SOURCE DATA.
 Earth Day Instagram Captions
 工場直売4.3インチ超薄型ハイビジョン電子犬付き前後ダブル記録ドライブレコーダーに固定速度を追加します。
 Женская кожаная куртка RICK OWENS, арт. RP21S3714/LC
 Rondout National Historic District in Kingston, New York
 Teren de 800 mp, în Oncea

PROBLEM STATEMENT. Exactly and only the lines from the line containing "Женская кожаная куртка" through the last line of the entries should be copied, both ends included.

EXPECTED ANSWER.
 Женская кожаная куртка RICK OWENS, арт. RP21S3714/LC
 Rondout National Historic District in Kingston, New York
 Teren de 800 mp, în Oncea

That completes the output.